Tuesday I got to Skype with some friends and I was so happy. Man I really give it up to you missionaries, it's tough not having friends who speak your language! That day Sister Martinez and I went shopping again (I think for the 5th or 6th day in a week and a half) and on the bus ride home I thought "I hope I don't die today or tomorrow because I really don't want to tell God that for my last week on earth I shopped most of the days!" (Luckily my life has been spared.) When we got home I was showing my spoils to Andrés & Maria when two men came over. I asked "Quien hay estos hombros?" And they laughed and laughed, for two reasons. I had accidentally called them 'hombros' (meaning shoulders) instead of 'hombres' (meaning men). Bahaha. Also you call men in the church "hermanos de la iglesia" (brethren of the church), and 'hombres' is somewhat derogatory. So all in all it was a ridiculous statement. So we laughed hard and decided it was our new insult/joke. And we always so it with cattiness. I think it's my favorite mis-speak so far!
This town is tatted up! But some of it is really beautiful.
This week was my first time doing the wash...I'm a fan of how we roll in the states ;)
Shopping on Friday for a suit for President Martinez brought us to this store with a Harry Potter bathroom! (I am bent over at the waist.) I thought it was so funny I had to take a picture. (and thanks to my dad my eyes are never open!)
Some more of the sweet lunches I enjoy here. I love cooking, but it's super sweet to have a home cooked meal 3 times a day that I do nothing but show up for (most of the time).
Can you see why I'm a little concerned at getting fat here?

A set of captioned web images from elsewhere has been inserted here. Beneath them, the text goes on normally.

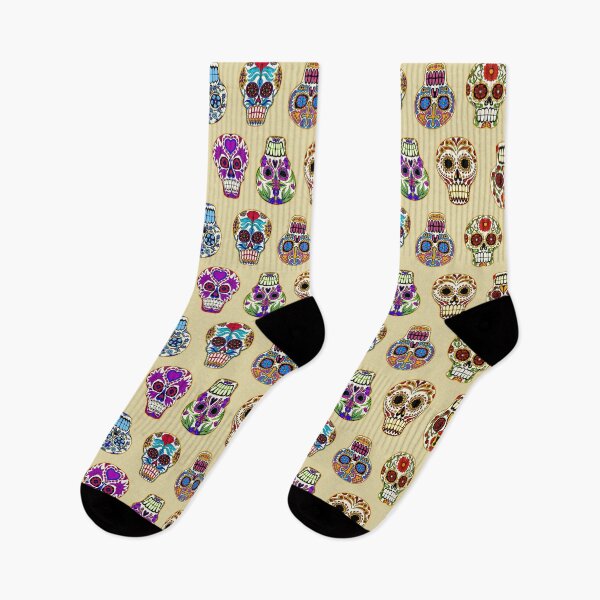 Item preview, Sugar Skulls on Khaki designed and sold by Salt & Keep.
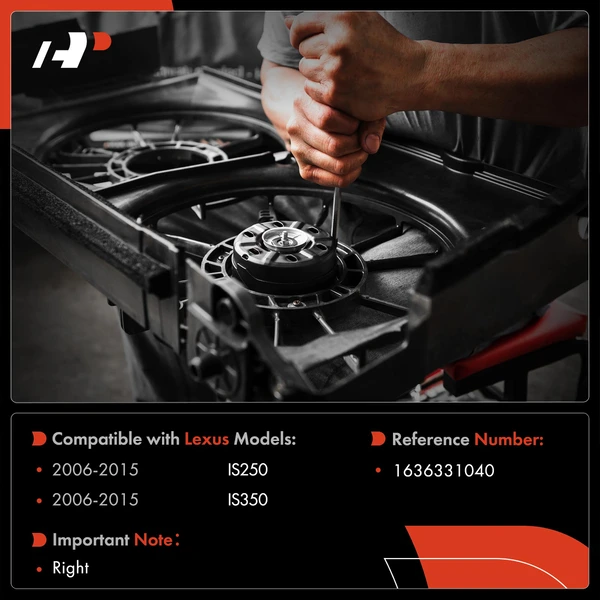 Passenger Radiator Fan Cooling Motor for Lexus IS250 IS350 2006-2015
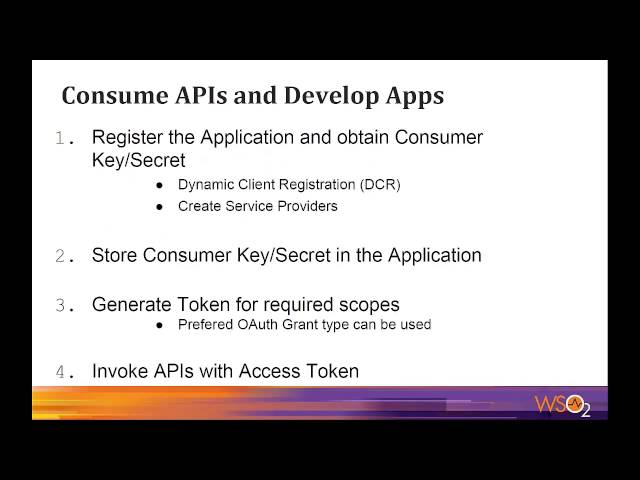 APIs for API Management  Consume and Develop Apps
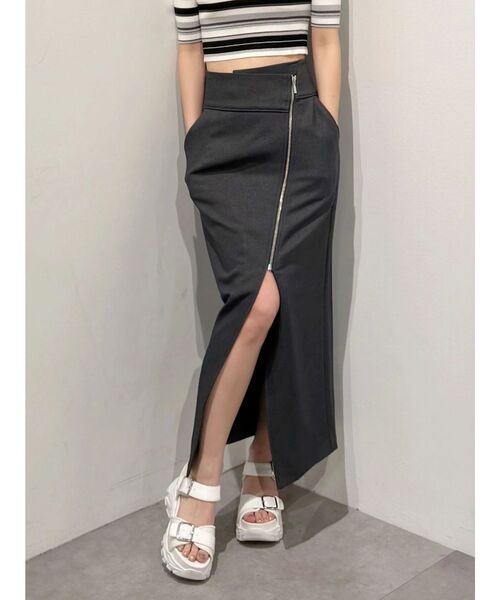 MERCURYDUO(マーキュリーデュオ)の「アシメZIPナロースカート(スカート・レディース・アイボリー/グレー/ミント・SMALL/MEDIUM)」の12枚目の写真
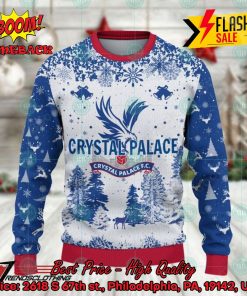 Crystal Palace Big Logo Pine Trees Ugly Christmas Sweater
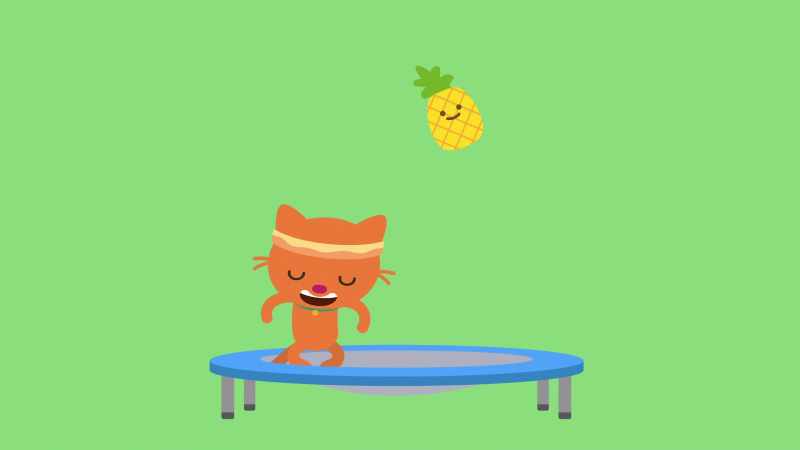 We'll hold a yoga pose Jump on my trampoline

I ran 2 times this week because I ate arepas and drank avena so much!
One of the fruits of my purchases. I can make boots like these...but for $20 I'm sold! These are one of my favorite pairs of boots. I went from 2 pairs of boots in the states, to the proud owner of 6 pairs total. I think I'm done shopping, it's just that things are SO CRAZY CHEAP here!
Saturday I was listening to some stories the family were telling and expecting I any moment there would be something I wouldn't understand, but it didn't happen. I understood them completely! (Now that is not always the case, but it is happening more and more often. Pretty sweet!)
I was super excited for general conference this weekend. Initially I had intended on watching it in spanish, but after trying that for the relief society broadcast I decided against it. I was alone in my room when I heard the exciting news about a new temple in AZ! And I had no one to be shocked with about the new age option for missionaries. But it was a sweet experience. President Uchtdorf laid it down like he always does, and single-handedly answered almost all the questions I wrote down. But as usual it just kept coming. I loved all of it! I am so excited to have that counsel right now! It came at a perfect time to set my sails on where I need to go. I love that we have a living prophet and apostles that speak to us!
Tonight they had me in charge of FHE. Of course the song I choose isn't in spanish, and they don't have any other songs about the prophets that I know. I gave the lesson and I wasn't so sure that it'd go well so I wrote down my thoughts so I would have all the words set up right, but I put my paper down and started and hardly looked at it. It turned out well!
Well turns out I'm the same person speaking english and spanish. Today the mom and dad were teasing me about how sassy I am. And we are constantly dishing jokes back and forth. Well I am setting myself to a new schedule this week. Hopefully it will help my spanish skyrocket! Sure miss and love y'all! I'll write again next week if I'm alive ;) (I went to the stake center today with the family for conference and watched the morning session with the gringo missionaries...when they found out I was living in Bosa central they all got looks on their faces and said it was dangerous. I don't believe them, I've been here two weeks and it's been fine! Don't worry, I am very careful still.)